The long answer gives us more to chew on. “There’s different kinds of complexity,” he says. “There’s technical complexity. What do I have to input to do something?” With Divekick, that’s pretty much gone. “There are no special motions,” he continues, “[but] then there’s the depth part.”

Since the act of walking is off limits (seriously, you can only dive and kick), there’s devious strategy to be found even in positioning yourself. 

Divekick has depth coming out the ying yang. Since the act of walking is off limits (seriously, you can only dive and kick), there’s devious strategy to be found even in positioning yourself. “That’s key to fighting games. Everyone sees the flashy combos, but really what makes a great fighting player great is the screen real estate … the jockeying for space,” says Heart. His game is partly a spoof of the genre, the idea springing from a joke between him and a sleep-deprived friend one night at 5 a.m. Funny, but it plays great.

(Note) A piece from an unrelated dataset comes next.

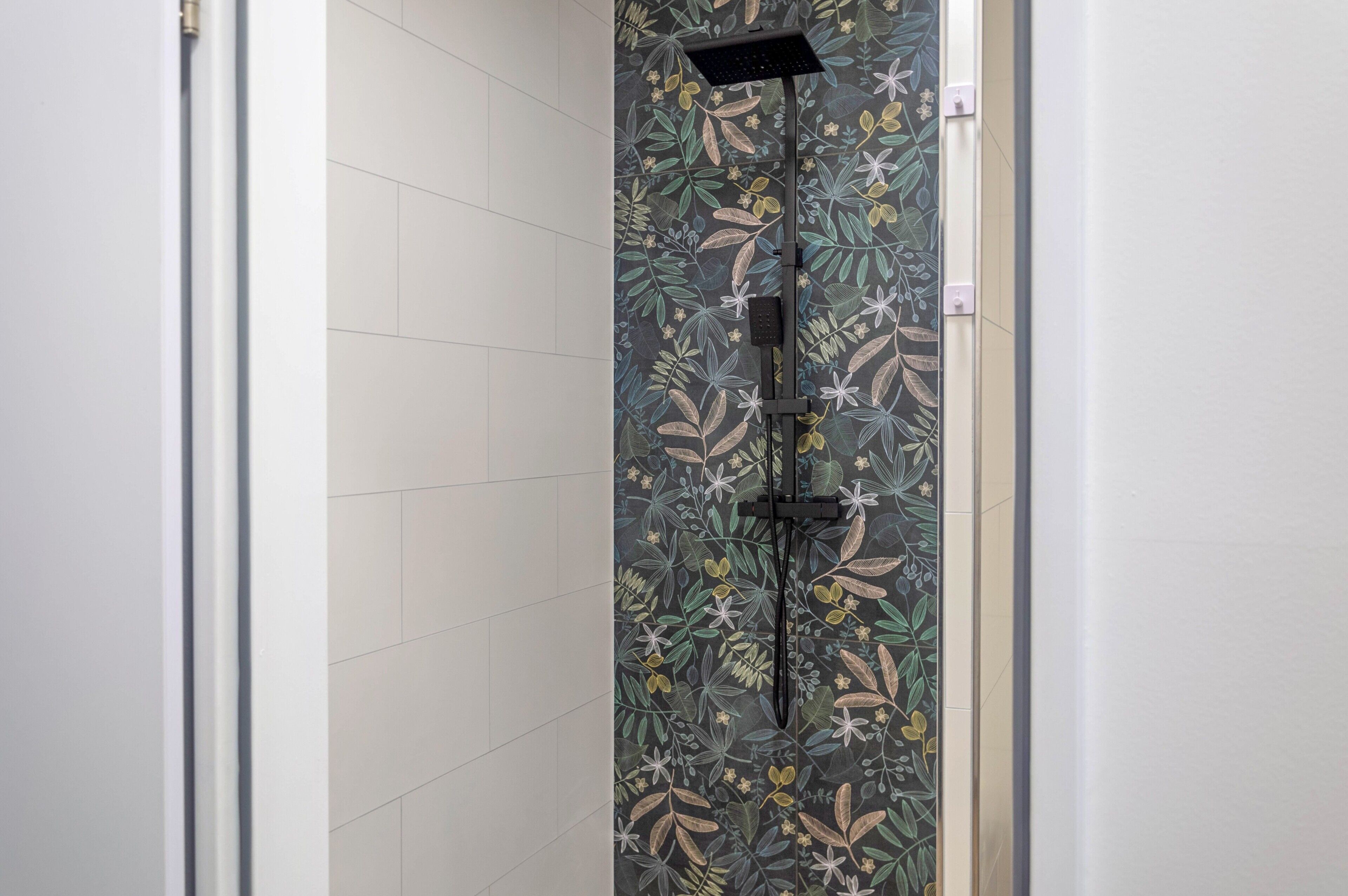 Dusche, Handtücher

If Divekick does more with less, Killer Instinct is no holds barred. Its internal logic is thus: There aren’t too many combos in fighting games; they’re just too damn difficult. Double Helix Games, based near Long Beach, California, created a system of martial arts that flows free and easy. As a result, the game is overflowing with badassery. Almost every punch is a flashy burst, as if Jet Li is going to war with a werewolf.

This works well for a series that hangs its hat on spasticity. The worry is that it’d be too scatterbrained. In the past, rounds of Killer Instinct quickly devolved into flailing. To avoid that, the team has made some serious tweaks. “The current combo system has the code name 3.4,” David Verfaillie, the design chief, tells me. But don’t break out your trig calculator just yet.

He believes that number-crunching should take place in the studio. Players should get down to c-c-c-combo breaking ASAP. “We allow any strength double after a linker, reducing system rules to allow for things like opener -> linker,” he emails, dumbfounding me. Yet the conversion is simple: Do what you wanna do. It’s your thing.

That doesn’t mean they’re skimping on the details. At camp Killer Instinct, even designing a routine fireball is surprisingly intricate. They must decide how powerful the fireball should be. How many can be fired at once. How fast it moves at hot, medium, and mild speeds.

They must look at that fireball under a microscope, dissecting it sixty times per second. (This is to examine technical minutia, like block strings.) And they must make sure other characters have moves against said fireball—like absorbing it, or going underneath. The detail is there. You’re just less likely to notice.

It was inevitable that some fighting conventions crept in. But not many. 

This is in direct contrast to how Divekick evolved. Heart made it sound like he just threw two stickmen on the screen and dicked around until the jumps and kicks felt right. “That’s this unquantifiable thing. Divekick is so different,” he says. “We couldn’t look at other fighting games.” 

It was inevitable that some fighting conventions crept in. But not many. There’s a kick meter, which you lose when you get kicked in the head. Also, special moves were adapted (performed by pressing the dive and kick button in unison, in case you’re wondering). But they aren’t that special by fighter standards. One character jumps forward. Another can duck. There is even a fireball.

But unlike the half-minute-long assaults of Killer Instinct, one kick does the trick.